Characteristics of the British Invasion included a greater sensitivity to language, more mature storylines, and a move away from the superhero genre. The invasion led DC Comics to create the Vertigo imprint to target the mature audiences of these writers.

==History==
Prior to the start of the British Invasion, DC Comics had imported several British artists from the early 1980s to work on their comic books. Brian Bolland was at the vanguard of this influx. Others that followed included Dave Gibbons, Brendan McCarthy, Glenn Fabry, Steve Dillon, and Philip Bond.

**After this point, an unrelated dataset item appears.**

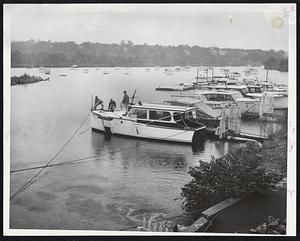 Threatened Again-Louis Lord's cabin cruiser, sunk at Martha's Vineyard during Hurricane Carol, is secured to moorings at the Watertown Yacht Club today in anticipation of Hurricane Edna. Securing the boat are (left to right), Edward Higgins, Tom Theurer, and Albert Lembree.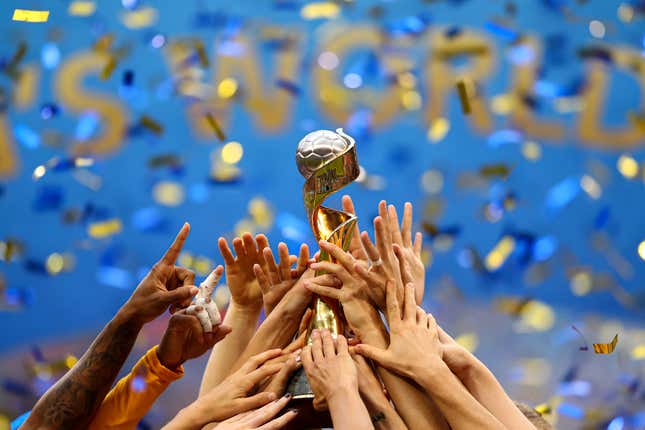 Hands are visible lifting a golden football trophy after victory in the 2019 FIFA Women's World Cup. Gold and blue confetti falls in the background.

The British Invasion itself is often cited as occurring in the wake of Alan Moore's successful run on Swamp Thing and his Watchmen series. After Moore had a falling-out with DC and swore never to work for them again, DC editor (later Vertigo Group Editor) Karen Berger recruited many promising writers and artists from the UK. The names primarily associated with the invasion include Jamie Delano, who was approached by DC as the writer of the Swamp Thing spin off Hellblazer; Neil Gaiman and Dave McKean, who collaborated on the Black Orchid limited series, as well as the famous and acclaimed Sandman; Peter Milligan, who launched a new Shade, the Changing Man series; and Scottish creator Grant Morrison, whose pitch of an Animal Man series was approved. Later British creators to work on American comics include Mark Millar, Warren Ellis, Garth Ennis and Paul Jenkins.

==Characteristics==
While some "British" writers such as Chris Claremont (Claremont was born in England but spent all of his adult life in the United States) had already worked for American comic companies prior to Alan Moore, they are not associated with the British Invasion. One of the chief characteristics of the British Invasion group of writers that set them apart from others was their greater sensitivity to language. Before the British Invasions, writers in the American comic book industry were known as "ace storytellers but mediocre wordsmiths" because the "actual text" of their comic books were generally subordinate to the plot and storytelling. With his work on Swamp Thing, Alan Moore revolutionised the American comic book industry through his use of "precise, naturalistic dialogue." Another characteristic of the British Invasion was a move away from the superhero genre, although in this regard Grant Morrison was an exception.

==Collections==
- Marvel Masters: The British Invasion:
  - Volume 1 (by Neil Gaiman, Alan Davis, Mark Millar, Garth Ennis, Grant Morrison, Alan Grant, Paul Jenkins and Warren Ellis, 276 pages, Panini Comics, September 2007, ISBN 1-905239-63-7)
  - Volume 2 (by Dave Gibbons, Frank Quitely, Alan Davis, Bryan Hitch, Steve Dillon, John Bolton, Barry Windsor-Smith, Mark Buckingham, Paul Neary and Lee Elias, 276 pages, Panini Comics, September 2008, ISBN 1-905239-96-3)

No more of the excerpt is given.